I just ordered this from Amazon, BlackVue DR650S-2CH-IR Dashcam. It's very pricey but it has everything I want, including accepting 128 gig memory cards, and the second cam has IR lights built in to illuminate the car interior. It hasn't even been delivered yet, but when I've had it for a couple of weeks I'll post something on it.

I wish I could say it will pay for itself, but the only way it will is if I need it to defend myself against false accusation by passengers or other drivers. I'm thinking of it as a form of insurance that I hope I never have to use.


----------



## The Ombudsman (Nov 2, 2016)

yojimboguy said:


> I just ordered this from Amazon, BlackVue DR650S-2CH-IR Dashcam. It's very pricey but it has everything I want, including accepting 128 gig memory cards, and the second cam has IR lights built in to illuminate the car interior. It hasn't even been delivered yet, but when I've had it for a couple of weeks I'll post something on it.
> 
> I wish I could say it will pay for itself, but the only way it will is if I need it to defend myself against false accusation by passengers or other drivers. I'm thinking of it as a form of insurance that I hope I never have to use.


Yah was looking at that one. Did you get the accessory to wire it up to your car battery so you can use the cig-lighter to power phones and such?


----------



## yojimboguy (Mar 2, 2016)

Yes, it was about $20.


----------



## circle1 (Sep 17, 2016)

Bishop1 said:


> I keep all video on an external hard drive. How long I will keep it - I am not sure... maybe 6 months.


HD storage is so cheap now, why stop at 6 months?


----------



## circle1 (Sep 17, 2016)

Ozzyoz said:


> Thou art needs to protect thy self. Good thing I don't have to tell them there's a hidden camera. In my state I can record hidden since its 1 party stare and privacy isn't expected.
> View attachment 73408


. . . What state is this?


----------



## SweetAMGUberLyft (Oct 19, 2016)

yojimboguy said:


> I just ordered this from Amazon, BlackVue DR650S-2CH-IR Dashcam. It's very pricey but it has everything I want, including accepting 128 gig memory cards, and the second cam has IR lights built in to illuminate the car interior. It hasn't even been delivered yet, but when I've had it for a couple of weeks I'll post something on it.
> 
> I wish I could say it will pay for itself, but the only way it will is if I need it to defend myself against false accusation by passengers or other drivers. I'm thinking of it as a form of insurance that I hope I never have to use.

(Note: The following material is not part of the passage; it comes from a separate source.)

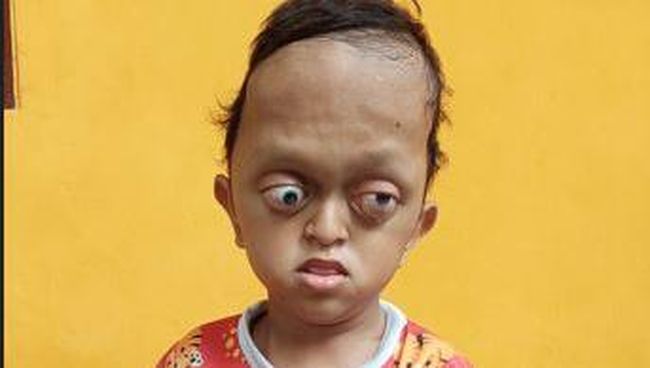 Tabahnya Aufan Derita Hidrosefalus, Crouzon Syndrome hingga Spina Bifida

Have you gotten it/used it? How do you like it?


----------



## yojimboguy (Mar 2, 2016)

I got it but I haven't installed it yet.


----------



## guitarofozz (Feb 11, 2017)

Ozzyoz said:


> I use my front facing camera on my phone and it records silently. My state allows hidden camera recording so long as privacy isn't expected which in an Uber car a privacy is not expected. It is a public service. I do it more for protection against accusations just in case a person wants to sue Uber for money by claiming something false happened. Like a rape etc. I heard of stories of cab drivers being accused of rape etc by very drunk women. I let the recorder auto end after 20 minutes.


I would research that. Taxis have to disclose that they are recording and I'd say that's more public than uber


----------



## MikesUber (Oct 23, 2015)

I like my Falcon Zero F360 HD Duel Dash Camera, I've had it for a year now and it's a "set it and forget it" camera. Automatically starts when you start the car, auto-shut off, records automatically, shock detection (will auto save footage before and after an impact is detected).

http://amzn.to/2hdlGWk - $149.95

*From their Amazon page:*


3.5-inch LCD screen allows a preview of what is being recorded unlike other DVRs 

Night vision for interior clips and shots; Built-in microphone / speaker function

180-degree rotating 120-degree viewing angle high-resolution wide-angle lens

Supports up to 32GB high-capacity SD cards; TV and HDMI HD output. Loop recording allows old file to be replaced automatically with new files 

1 Year Manufacturer warranty included ~ 32GB SD CARD INCLUDED

*What's in the Box?*
Falcon Zero F360HD Mirror DVR, Power Cord (10 feet), USB Cord, Dual USB Car Charger, 32GB Class 10 SD card, Cord Management Clips, Instruction Manual, Retail Box.


----------



## Waterscolors (Dec 29, 2016)

I have a generic GoPro, and I mount it on my dash so it is facing into the car. I have a 32 gig SD card in it and I start recording when a passenger gets in the car. I have signs in the front and the back saying you are being recorded. I have only one person question it and I told him it is for my safety as well as yours.


----------



## vdubbeet (Feb 1, 2017)

Ozzyoz said:


> Android secret camera recorder app.


I know this is an old thread however, I downloaded the secret recorder app and have a 32GB SD card. I have it set to record for an hour. Does that mean I need to hit record again for it to start to record for the next hour? Thanks in advance.


----------



## 58756 (May 30, 2016)

vdubbeet said:


> I know this is an old thread however, I downloaded the secret recorder app and have a 32GB SD card. I have it set to record for an hour. Does that mean I need to hit record again for it to start to record for the next hour? Thanks in advance.


Wow you pulled me back to Uberpeople just as I was coming back to Uver driving. 1 hour long isn't necessary. Also make sure to adjust quality so that it doesnt take up too much space.


----------



## vdubbeet (Feb 1, 2017)

Thank you, Ozzyoz


----------



## wk1102 (Dec 25, 2015)

vdubbeet said:


> Thank you, Ozzyoz


It will fill your memory fast... i have that app on my phone. I only use it if i feel i will need it. I helped a very drunk woman to her apartment, i recorded every second. Or if something weird starys happening in the car. I do have a dash cam though, the app is extra.

I highly suggest a dashcam. Falcon 360 is a great mid quality lower priced unit.


----------